## PROBLEM DETAILS
Only a number is wanted here: the count of lines in the entries below that contain the word "College".

## SOURCE DATA
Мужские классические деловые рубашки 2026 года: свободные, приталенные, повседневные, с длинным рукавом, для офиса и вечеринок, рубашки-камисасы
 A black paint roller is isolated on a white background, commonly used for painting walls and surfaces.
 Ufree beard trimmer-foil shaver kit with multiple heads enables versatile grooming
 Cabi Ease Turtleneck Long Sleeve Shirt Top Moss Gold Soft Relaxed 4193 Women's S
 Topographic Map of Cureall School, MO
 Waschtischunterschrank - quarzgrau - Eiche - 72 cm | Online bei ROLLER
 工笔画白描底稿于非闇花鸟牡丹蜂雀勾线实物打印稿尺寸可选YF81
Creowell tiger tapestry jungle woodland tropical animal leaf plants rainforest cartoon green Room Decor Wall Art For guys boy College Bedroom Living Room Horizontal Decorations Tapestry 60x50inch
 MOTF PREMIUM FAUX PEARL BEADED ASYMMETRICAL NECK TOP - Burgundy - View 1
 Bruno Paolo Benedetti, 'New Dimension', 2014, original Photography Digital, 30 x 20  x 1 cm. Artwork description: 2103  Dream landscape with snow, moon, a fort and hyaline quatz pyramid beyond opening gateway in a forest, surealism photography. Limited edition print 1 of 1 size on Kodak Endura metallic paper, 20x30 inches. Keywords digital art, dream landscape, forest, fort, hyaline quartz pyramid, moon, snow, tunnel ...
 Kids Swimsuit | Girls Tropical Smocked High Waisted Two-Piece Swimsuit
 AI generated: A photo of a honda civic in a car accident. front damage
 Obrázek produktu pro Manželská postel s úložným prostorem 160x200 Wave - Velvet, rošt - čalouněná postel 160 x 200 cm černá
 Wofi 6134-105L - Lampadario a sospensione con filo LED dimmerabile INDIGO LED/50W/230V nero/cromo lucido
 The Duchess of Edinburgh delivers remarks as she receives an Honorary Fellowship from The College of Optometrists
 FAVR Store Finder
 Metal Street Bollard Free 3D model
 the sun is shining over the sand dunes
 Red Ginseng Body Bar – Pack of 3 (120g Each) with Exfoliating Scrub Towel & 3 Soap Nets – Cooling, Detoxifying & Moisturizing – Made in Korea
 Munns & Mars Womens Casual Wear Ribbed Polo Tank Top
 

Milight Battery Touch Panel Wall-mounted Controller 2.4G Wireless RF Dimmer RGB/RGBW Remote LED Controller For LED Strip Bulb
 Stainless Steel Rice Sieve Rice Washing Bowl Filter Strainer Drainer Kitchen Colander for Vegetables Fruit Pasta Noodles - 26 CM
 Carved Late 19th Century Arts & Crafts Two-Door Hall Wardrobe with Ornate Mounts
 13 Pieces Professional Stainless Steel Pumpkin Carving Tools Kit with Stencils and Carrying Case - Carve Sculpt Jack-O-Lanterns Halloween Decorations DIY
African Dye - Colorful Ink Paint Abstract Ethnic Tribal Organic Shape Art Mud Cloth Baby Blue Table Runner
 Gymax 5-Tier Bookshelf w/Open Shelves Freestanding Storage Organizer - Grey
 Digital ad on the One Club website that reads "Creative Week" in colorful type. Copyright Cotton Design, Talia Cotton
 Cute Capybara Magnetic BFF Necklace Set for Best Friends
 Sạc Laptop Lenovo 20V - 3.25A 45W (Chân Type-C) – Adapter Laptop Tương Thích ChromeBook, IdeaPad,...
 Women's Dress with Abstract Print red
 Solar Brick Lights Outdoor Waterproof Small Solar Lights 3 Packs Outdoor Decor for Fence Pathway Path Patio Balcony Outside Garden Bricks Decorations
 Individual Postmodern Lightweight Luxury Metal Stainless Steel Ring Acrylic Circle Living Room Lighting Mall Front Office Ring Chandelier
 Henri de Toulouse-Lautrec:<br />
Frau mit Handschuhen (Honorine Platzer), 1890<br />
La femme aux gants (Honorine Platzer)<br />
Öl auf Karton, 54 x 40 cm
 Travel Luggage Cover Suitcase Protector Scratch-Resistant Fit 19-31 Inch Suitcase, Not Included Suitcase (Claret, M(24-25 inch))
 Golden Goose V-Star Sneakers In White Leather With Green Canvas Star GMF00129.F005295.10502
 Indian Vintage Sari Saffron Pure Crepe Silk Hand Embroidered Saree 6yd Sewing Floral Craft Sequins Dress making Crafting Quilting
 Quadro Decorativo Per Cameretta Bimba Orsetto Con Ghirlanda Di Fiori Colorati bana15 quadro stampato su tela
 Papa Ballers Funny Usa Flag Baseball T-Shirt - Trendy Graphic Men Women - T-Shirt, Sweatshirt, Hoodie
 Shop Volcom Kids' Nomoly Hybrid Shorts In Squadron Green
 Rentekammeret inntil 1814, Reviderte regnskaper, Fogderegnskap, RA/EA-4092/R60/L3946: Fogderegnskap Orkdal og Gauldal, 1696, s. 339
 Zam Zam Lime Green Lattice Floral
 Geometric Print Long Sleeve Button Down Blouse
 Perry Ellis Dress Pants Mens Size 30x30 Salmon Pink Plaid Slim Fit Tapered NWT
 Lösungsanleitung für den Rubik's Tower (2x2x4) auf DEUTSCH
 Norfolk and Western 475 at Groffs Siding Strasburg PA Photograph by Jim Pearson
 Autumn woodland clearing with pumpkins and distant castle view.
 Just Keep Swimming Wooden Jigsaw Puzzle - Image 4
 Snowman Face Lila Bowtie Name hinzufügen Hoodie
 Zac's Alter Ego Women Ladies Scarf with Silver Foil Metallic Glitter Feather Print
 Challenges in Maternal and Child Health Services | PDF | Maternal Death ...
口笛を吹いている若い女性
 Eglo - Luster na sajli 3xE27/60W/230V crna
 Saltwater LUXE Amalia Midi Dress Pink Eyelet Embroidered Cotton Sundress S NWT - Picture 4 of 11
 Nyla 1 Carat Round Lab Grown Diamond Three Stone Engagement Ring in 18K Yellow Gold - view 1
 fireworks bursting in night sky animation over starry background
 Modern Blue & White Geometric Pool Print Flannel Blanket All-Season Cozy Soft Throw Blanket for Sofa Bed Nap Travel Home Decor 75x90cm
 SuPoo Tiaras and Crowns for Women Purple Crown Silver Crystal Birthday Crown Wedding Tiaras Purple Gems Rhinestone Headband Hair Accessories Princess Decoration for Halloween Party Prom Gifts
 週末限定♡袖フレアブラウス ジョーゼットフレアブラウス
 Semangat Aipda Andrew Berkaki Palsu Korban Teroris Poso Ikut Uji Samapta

## RESULT OF THIS EXERCISE
2